Ermenistan’ın Dağlık Karabağ’ın işgaline karşı sağır olanlar bugün de ikiyüzlüdür. Bu haydut devlete (Ermenistan) destek verenleri, kendilerine insanlığın ortak vicdanı önünde hesap sorulacağı konusunda ikaz ediyorum. Bu bölgede kalıcı barışın yolu, Ermenilerin işgal ettikleri her karış Azerbaycan toprağından geri çekilmelerinden geçiyor.
“Türkiye sınırlarını güvenlik altına almak için her yolu ve yöntemi kullanacaktır”
Irak sınırındaki terör yuvalarını tamamen bitirene kadar operasyonlarımız devam edecektir. Türkiye’nin 40 yıllık terörle mücadelesinde Suriye her zaman kritik bir konumda yer almıştır. Her kim Türkiye’nin Suriye’de ne işi var diyorsa ya bölgeyi bilmiyor ya da kafasında başka hesaplar vardır. Türkiye sınırlarını güvenlik altına almak için her yolu ve yöntemi kullanacaktır. Sınırlarımızı terör örgütlerine ve onları maşa olarak kullananlara teslim etmedik, etmeyeceğiz.
“Gerilimi tırmandırmak da çatışma çıkarmak da karşımızdakilerin tercihidir”

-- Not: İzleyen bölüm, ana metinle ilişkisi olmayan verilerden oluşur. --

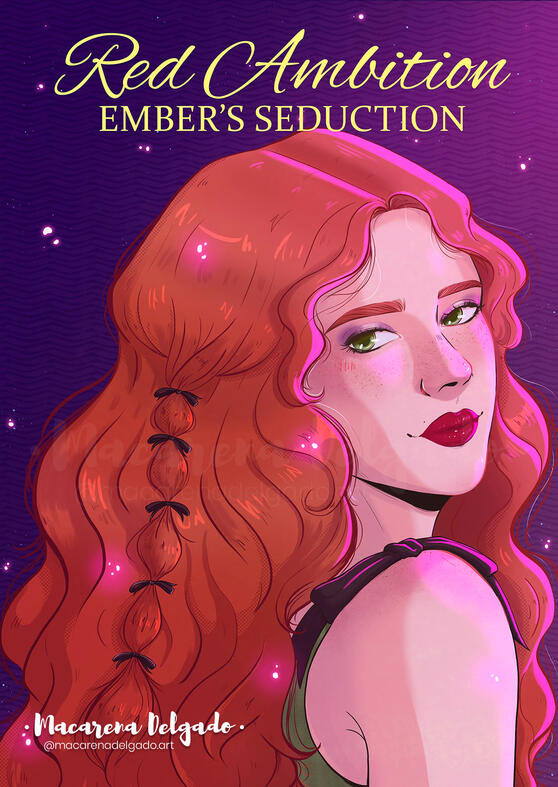 Portada Wattpad Red Ambition
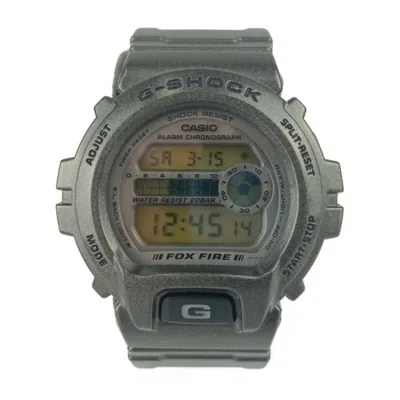 Pre-owned Casio Stainless Steel Wristwatch () In Multi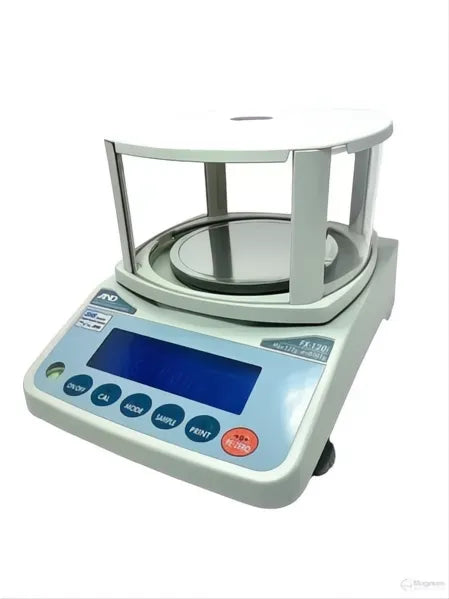 MacDonald AutoTrickler V4 with A&D FX-120i Scale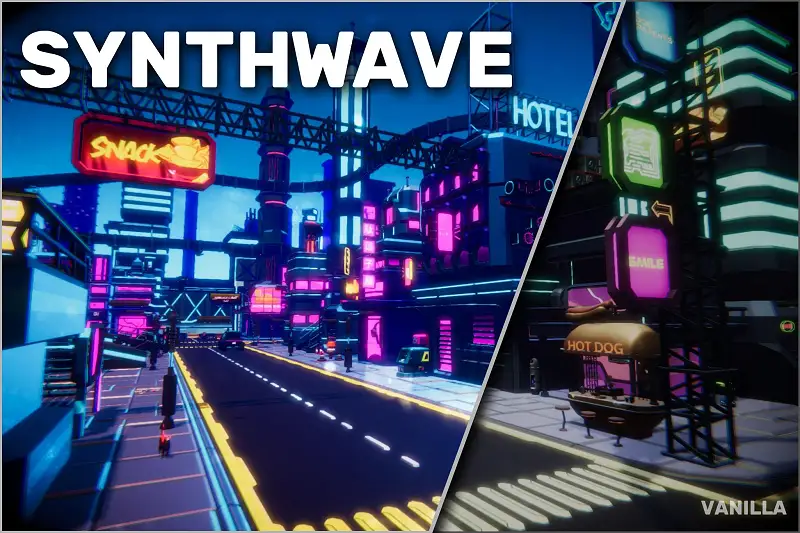 LUTs: Synthwave Asset Thumbnail
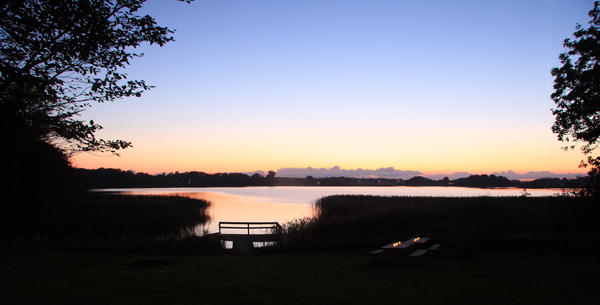 Solnedgang Snejbjerg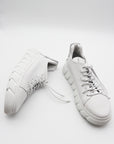 Low Spike Sneaker in White by Puro-Puro-Idlewild-Cincinnati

Türkiye olarak Akdeniz’de çatışma, gerilim, hukuksuzluk peşinde değiliz. Haklarımıza sahip çıkıyoruz. Akdeniz’deki siyasi ve ekonomik potansiyelin paylaşımıyla ilgili anlaşmazlıkların hakkaniyet temelinde çözülmesi öncelikli tercihimizdir. Meseleyi görüşmeler vasıtasıyla çözmek de gerilimi tırmandırmak da çatışma çıkarmak da karşımızdakilerin tercihidir.
“Tüm ülkeleri barış mücadelemizi desteklemeye davet ediyoruz”

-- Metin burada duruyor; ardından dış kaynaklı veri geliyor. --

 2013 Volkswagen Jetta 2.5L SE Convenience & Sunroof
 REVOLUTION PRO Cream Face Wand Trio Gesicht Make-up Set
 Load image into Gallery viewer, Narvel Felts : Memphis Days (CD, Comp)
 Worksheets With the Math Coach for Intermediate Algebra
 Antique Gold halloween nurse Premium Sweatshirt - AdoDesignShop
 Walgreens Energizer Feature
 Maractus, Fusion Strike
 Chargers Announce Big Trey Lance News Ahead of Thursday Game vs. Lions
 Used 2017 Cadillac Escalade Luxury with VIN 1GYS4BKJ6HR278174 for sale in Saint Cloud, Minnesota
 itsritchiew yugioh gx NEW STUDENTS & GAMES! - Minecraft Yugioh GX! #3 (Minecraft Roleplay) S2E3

Avrupa Birliği, Yunanistan ve Kıbrıs Rum kesiminin şımarıklıklarının esiri olarak, etkisiz, ufuksuz, sığ bir yapı haline dönüşmüştür. Bölgemizde ortaya çıkmış olup da, Avrupa Birliği’nin inisiyatifi ve ağırlığı ile çözüme kavuşmuş tek bir sorun yoktur. Tam tersine, Birliğin müdahil olduğu her kriz, yeni boyutlar kazanarak büyümüştür. Bizi sahilimize hapsetmeye çalışanlar şantaj dilini kullandı. Biz diyalog kanallarını açık tutan duruşumuzu daima koruyacağız. Türkiye olarak tek talebimiz haklarımıza saygı gösterilmesi. Tüm ülkeleri barış mücadelemizi desteklemeye davet ediyoruz.

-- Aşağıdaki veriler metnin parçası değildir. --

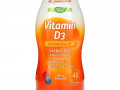 Nature's Way, витамин D3, ягодный вкус, 25 мкг, 480 мл (16 жидк. унций)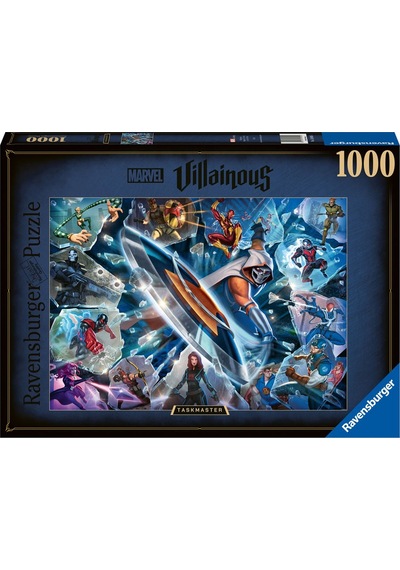 Ravensburger 1000 Parça Marvel Villains Taskmaster 169054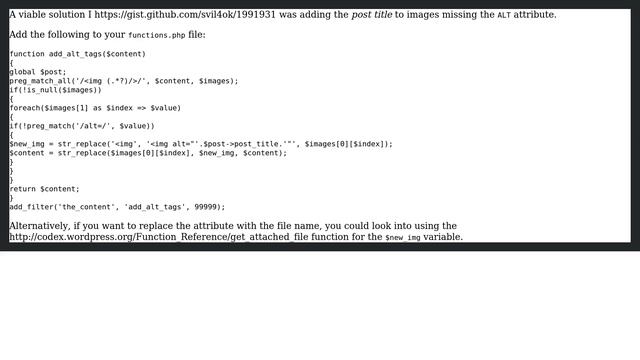 Wordpress: Adding Alt Attributes Automatically when Uploading Images to Media Library смотреть онлайн
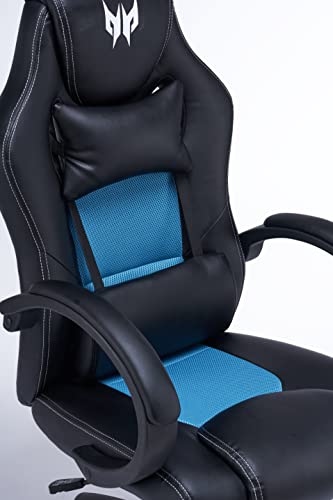 Chaise Gaming Predator Rift Essential avec Accoudoirs Réglables et Dossier 155°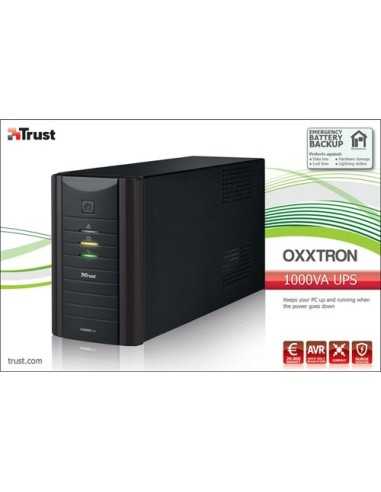 Trust Oxxtron 1 kVA 3 presa(e) AC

“Kudüs bizim şehrimizdir, bizden bir şehirdir”
Birinci dünya savaşında, gözyaşları içinde terk etmek zorunda kaldığımız bu şehirde, hala Osmanlının direniş izlerine rastlamak mümkündür. Yani Kudüs bizim şehrimizdir, bizden bir şehirdir. Mazlum Filistin halkının her platformda haklarını dile getirmeyi, ülkemiz ve milletimiz adına bir şeref kabul ediyoruz.
“Amacımız v tipi bir toparlanma”
Türk ekonomisi, yaşadığı bunca saldırı ve şok ardından kırılganlıklara karşı daha dayanıklı, krizlere karşı daha hazırlıklı yapıya kavuştu. Salgın sürecinde öncelikle milletimizin sağlığını koruyarak ekonomimizi de koruduk. Amacımız v tipi bir toparlanmayı sağlayıp bu yılı artı büyümede kapatmaktır.
Türkiye kendi aşısını üretme konusunda yoğun bir gayret içerisindedir. Yarın Konya’da şehir hastanesinin açılışını yapacağız.
“100 bini aşan vatandaşımızı ülkemize getirdik”
Gelişmiş ülkelerin dahi vatandaşlarını kendi hallerine terk ettiği salgın döneminde, Türkiye içeride ve dışarıda erdemli bir duruş ortaya koydu. Dünyanın 141 ülkesinde yaşayan 100 bini aşan vatandaşımızı ülkemize getirdik.